Y by Smoothy, Adventure10

2. Let $a$ be a very good element, so $n^2 \mid a^2 - a = a(a-1)$ . Since $\gcd(a,a-1) = 1$ , it follows that we must have $a=\alpha x^2$ and $a-1 = \beta y^2$ , with $\gcd(x,y) = 1$ , $n=xy$ (and also some other restrictions, which are irrelevant). Now assume another very good element $a'$ induces the representation $a'=\alpha' x^2$ and $a'-1 = \beta' y^2$ (using the same $x$ and $y$ ; if one of them is the same, then the other one needs also be the same).
Then $x^2 \mid a - a'$ and $y^2 \mid (a-1) - (a'-1) = a - a'$ , so $n^2 = x^2y^2 \mid |a-a'| < n^2$ , therefore $a=a'$ , contradiction. As a consequence, the representations of the very good elements $a$ use distinct $x$ 's and $y$ 's.

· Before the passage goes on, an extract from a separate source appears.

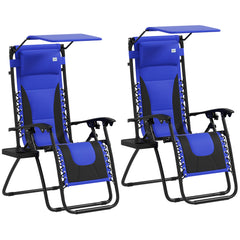 Outsunny Zero Gravity Lounger Chair Set of 2, Folding Reclining Patio Chair with Shade Cover, Cup Holder, Soft Cushion and Headrest for Poolside, Camping, Blue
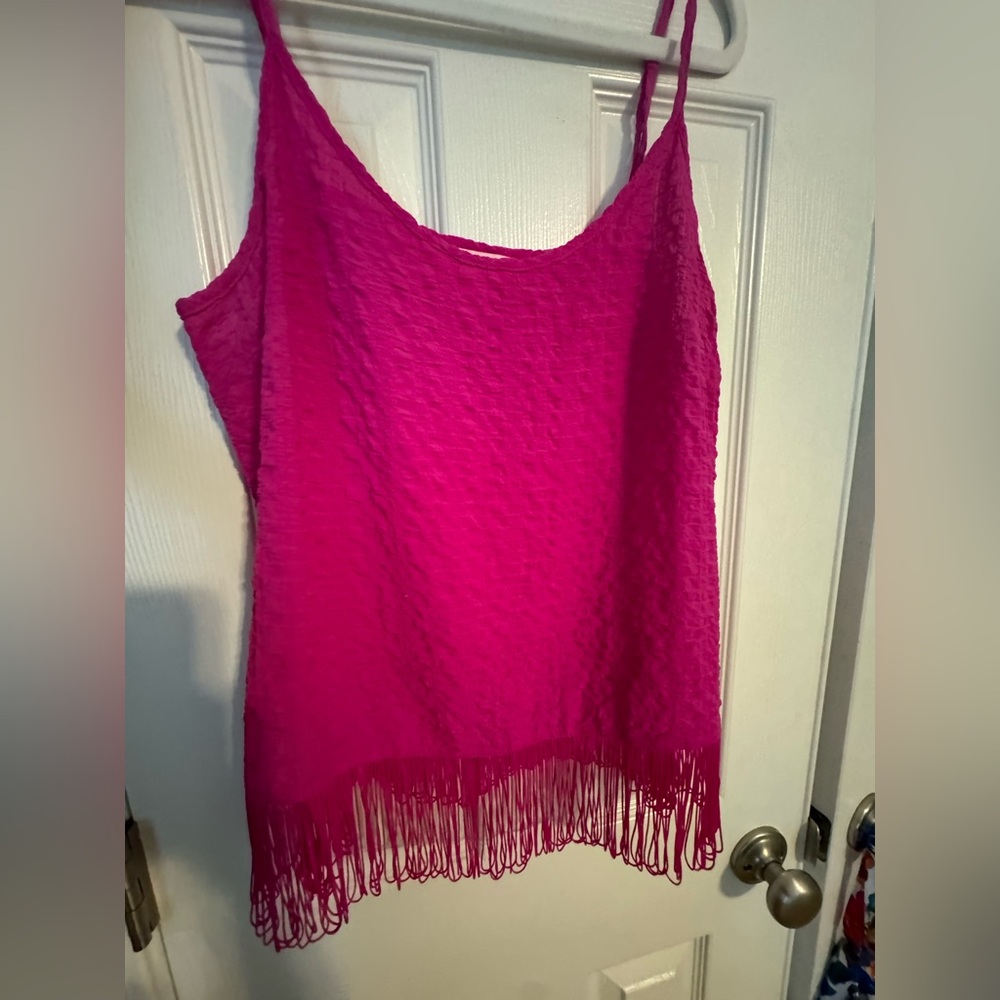Lilly Pulitzer hot pink top with fringe!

Let now $a_1,a_2,\ldots,a_v$ be the $v$ very good elements, with representations $a_k = \alpha_k x_k^2$ , indexed such that $1 < x_1 < x_2 < \cdots < x_v$ (we cannot have $x_1 = 1$ since that would imply $y_1 = n$ , and so $a_1 - 1 \geq n^2$ ; and we have seen that the $x_k$ need be distinct). It immediately follows $x_v \geq v+1$ .
But then, fixing $b = a_v = \alpha_vx_v^2$ , we may choose $a = 1 + \lambda y_v^2$ for all $1 \leq \lambda \leq x_v^2 - 1$ , since then $a \leq 1 + (x_v^2 - 1)y_v^2 < n^2$ . Moreover, we have $b(a-1) = \alpha_v \lambda x_v^2 y_v^2 = \alpha_v \lambda n^2$ , whence $n^2 \mid b(a-1)$ . It means all these $a$ 's are good, and there are $x_v^2 - 1 \geq (v+1)^2 - 1 = v^2 + 2v$ of them. This means $v^2 + 2v \leq g$ , an improvement on the bound asked (and even more maybe could be garnered by considering the other $a_k$ elements, for $1\leq k<v$ ).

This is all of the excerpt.